It’s stunning how political even the effort to appear apolitical becomes during an election campaign.
Take all three principal leaders vying for that vaunted (thankless?) job of premier of New Brunswick this month.
In one corner of the province, Progressive Conservative honcho David Alward unveils a plan that promises to excise politics from educational policy making and programming. In fact, he said this week, “this is an approach that transcends politics and includes sound curriculum development policies, engagement from parents, educators, district education councils and researchers.”
Indeed, he insists, “politicians shouldn’t be making day-to-day or year-to-year decisions that affect the classroom.”
Elsewhere on the campaign trail, Liberal Leader Brian Gallant issues his statement on education, wondering, in effect, if a Tory echo machine is dogging his public appearances.
“We have to have a plan that will be long term, one that’s going to be based on evidence, going to have commitment and engagement of all people involve,” he says.

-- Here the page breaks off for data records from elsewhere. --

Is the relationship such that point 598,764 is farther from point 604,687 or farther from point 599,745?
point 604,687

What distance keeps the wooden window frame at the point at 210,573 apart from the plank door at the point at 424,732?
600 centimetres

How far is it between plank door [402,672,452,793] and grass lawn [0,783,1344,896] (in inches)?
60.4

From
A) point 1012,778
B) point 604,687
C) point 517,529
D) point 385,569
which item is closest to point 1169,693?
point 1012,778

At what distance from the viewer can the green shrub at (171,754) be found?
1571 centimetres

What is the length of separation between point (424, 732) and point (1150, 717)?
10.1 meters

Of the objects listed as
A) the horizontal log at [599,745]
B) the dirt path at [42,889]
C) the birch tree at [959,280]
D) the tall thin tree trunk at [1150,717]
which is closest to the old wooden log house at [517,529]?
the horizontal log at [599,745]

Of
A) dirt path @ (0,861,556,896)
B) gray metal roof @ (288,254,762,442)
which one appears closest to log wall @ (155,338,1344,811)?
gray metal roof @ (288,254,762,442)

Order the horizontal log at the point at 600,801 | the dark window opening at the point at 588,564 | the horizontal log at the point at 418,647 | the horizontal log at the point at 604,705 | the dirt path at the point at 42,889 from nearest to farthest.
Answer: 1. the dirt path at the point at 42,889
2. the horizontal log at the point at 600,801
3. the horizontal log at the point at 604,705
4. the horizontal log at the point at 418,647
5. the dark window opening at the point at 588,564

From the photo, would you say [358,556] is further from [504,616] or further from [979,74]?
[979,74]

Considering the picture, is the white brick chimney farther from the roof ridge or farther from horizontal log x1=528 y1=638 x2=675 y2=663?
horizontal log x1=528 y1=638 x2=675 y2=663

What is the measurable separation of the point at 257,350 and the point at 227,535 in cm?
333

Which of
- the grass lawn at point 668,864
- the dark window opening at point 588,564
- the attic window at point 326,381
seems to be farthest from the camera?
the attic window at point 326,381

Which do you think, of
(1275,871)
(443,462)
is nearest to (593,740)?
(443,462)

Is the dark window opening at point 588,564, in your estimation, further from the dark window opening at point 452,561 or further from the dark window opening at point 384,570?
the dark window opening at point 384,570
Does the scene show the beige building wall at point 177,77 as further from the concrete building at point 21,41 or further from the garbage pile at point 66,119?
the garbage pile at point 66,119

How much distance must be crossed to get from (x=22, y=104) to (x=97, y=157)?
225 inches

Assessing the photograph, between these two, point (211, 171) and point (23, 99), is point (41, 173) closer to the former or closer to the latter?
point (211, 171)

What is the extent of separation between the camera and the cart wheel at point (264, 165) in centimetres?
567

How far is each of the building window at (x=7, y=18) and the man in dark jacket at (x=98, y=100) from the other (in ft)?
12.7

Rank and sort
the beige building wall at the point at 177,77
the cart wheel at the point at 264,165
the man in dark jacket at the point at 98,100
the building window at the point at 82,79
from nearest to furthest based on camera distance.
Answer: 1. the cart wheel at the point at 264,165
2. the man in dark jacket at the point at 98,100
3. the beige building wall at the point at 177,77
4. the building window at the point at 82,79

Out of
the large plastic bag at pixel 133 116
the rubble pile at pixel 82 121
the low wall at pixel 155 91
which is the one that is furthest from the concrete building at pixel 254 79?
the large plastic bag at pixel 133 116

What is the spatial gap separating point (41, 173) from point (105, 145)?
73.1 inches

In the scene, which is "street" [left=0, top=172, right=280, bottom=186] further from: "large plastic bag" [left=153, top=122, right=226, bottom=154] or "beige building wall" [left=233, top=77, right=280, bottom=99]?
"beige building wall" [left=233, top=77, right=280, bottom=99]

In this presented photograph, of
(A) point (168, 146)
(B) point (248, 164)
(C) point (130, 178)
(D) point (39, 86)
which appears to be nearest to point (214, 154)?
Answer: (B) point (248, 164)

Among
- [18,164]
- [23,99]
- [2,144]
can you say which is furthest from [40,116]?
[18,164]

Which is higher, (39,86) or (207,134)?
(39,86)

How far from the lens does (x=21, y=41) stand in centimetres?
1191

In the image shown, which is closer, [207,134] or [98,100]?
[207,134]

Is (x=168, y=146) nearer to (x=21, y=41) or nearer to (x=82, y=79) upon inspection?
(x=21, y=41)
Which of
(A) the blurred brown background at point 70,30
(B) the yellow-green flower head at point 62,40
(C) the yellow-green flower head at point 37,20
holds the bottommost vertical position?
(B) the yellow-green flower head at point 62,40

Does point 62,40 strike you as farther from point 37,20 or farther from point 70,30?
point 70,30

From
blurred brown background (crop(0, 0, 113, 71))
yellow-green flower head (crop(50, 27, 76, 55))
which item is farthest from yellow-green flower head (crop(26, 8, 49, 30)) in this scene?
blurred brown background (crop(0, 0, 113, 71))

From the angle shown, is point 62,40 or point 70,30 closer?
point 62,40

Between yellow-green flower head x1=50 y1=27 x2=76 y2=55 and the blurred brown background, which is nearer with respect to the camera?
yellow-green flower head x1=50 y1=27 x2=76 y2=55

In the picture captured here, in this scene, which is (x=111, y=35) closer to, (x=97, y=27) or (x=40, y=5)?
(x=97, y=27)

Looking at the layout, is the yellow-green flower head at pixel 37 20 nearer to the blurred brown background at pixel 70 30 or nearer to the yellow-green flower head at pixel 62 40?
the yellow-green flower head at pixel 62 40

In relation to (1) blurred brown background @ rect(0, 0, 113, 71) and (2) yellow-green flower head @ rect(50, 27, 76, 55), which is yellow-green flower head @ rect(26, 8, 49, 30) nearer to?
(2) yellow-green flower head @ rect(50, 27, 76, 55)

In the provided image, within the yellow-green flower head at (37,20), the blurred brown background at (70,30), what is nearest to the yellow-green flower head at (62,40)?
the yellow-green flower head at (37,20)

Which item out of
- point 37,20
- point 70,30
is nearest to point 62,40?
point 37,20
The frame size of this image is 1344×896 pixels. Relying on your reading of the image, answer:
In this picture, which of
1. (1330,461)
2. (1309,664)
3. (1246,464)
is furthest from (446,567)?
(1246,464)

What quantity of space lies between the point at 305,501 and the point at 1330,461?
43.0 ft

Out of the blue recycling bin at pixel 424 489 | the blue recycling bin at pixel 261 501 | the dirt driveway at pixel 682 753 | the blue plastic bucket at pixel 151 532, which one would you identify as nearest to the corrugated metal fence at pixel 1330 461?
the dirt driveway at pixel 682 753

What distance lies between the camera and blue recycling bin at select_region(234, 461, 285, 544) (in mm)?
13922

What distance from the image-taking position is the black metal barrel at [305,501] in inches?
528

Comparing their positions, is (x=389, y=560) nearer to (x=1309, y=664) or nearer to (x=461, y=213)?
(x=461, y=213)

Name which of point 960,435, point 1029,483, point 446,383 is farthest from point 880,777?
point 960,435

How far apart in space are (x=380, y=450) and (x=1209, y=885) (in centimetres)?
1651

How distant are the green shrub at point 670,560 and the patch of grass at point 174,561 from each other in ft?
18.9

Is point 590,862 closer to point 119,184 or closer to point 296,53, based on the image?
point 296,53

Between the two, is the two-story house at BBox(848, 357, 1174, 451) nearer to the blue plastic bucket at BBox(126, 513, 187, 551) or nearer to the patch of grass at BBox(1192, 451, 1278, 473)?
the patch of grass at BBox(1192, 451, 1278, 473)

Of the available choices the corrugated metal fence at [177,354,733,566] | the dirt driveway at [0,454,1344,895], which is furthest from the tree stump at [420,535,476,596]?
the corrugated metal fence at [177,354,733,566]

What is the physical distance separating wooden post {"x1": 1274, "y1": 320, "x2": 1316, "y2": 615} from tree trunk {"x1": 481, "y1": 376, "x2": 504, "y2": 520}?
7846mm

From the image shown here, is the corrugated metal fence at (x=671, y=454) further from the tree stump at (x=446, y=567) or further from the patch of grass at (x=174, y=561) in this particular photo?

Not only that, he declares, “we need to take the politics out of this and sit down with educators, parents, students and stakeholders to build an action plan to improve our education system. . .We think having a 10-year plan, where we invite other political parties to play a role in guiding the plan is the right step for our province moving forward. It’s going to be important to put politics aside.”
Then there’s NDP commander Dominic Cardy who also believes, not surprisingly, that vile politics has poisoned the wellspring of educational achievement and opportunity in New Brunswick.
“We need to back away from having the politicians decide the curriculums, and instead talk about the outcomes we want to see,” he opines reasonably.
Here we have that most precious of spectacles, rarely seen in public: complete and utter unanimity among three distinct campaign rivals representing three philosophically divergent political parties on an issue that cuts to the very core of their collective raison d’etre.
And the question quickly becomes existential: When is anything a politician says or does not, by definition, political?
Of course, the “let’s-get-the-politics-out-of-this (insert appropriate issue here)” gambit was bound to emerge. It was just a matter of when.
In recent years, public opinion surveys in jurisdictions from Nunavut to Nantucket to North Yorkshire have confirmed that the politician who successfully convinces the public that he genuinely despises the very craft he plies to win their votes. . .well, in most cases, wins their votes.
Consider the following item in The Guardian newspaper not long ago:
“Nearly half of Britons say they are angry with politics and politicians, according to a Guardian/ICM poll analysing the disconnect between British people and their democracy. The research, which explores the reasons behind the precipitous drop in voter turnout – particularly among under-30s – finds that it is anger with the political class and broken promises made by high-profile figures that most rile voters, rather than boredom with Westminster. Asked for the single word best describing ‘how or what you instinctively feel’ about politics and politicians in general, 47 per cent of respondents answered ‘angry’, against 25 per cent who said they were chiefly ‘bored’.”
The savvy politician knows that this is the general state of affairs everywhere in the democratized world. It’s one of his trade’s occupational hazards.
One solution is to never make promises, even ones that might actually seem plausibly keepable. Then again, that’s how Mitt Romney managed to give Barack Obama a second term of office as leader of the free world. The public needs at least a little red meat to chomp.
The other option, which Messrs. Alward, Gallant and Cardy seem to understand with implicit savviness, is to talk broadly and winningly about issues that are too big and important – too vital to our physical, emotional and spiritual well being – to sully with rank promise-making.
The alternative, don’t you know, would be playing politics. And responsible politicians don’t do that; play politics, that is.
At least, they don’t when they’re trying to win a political election.
Or something like that. It’s complicated.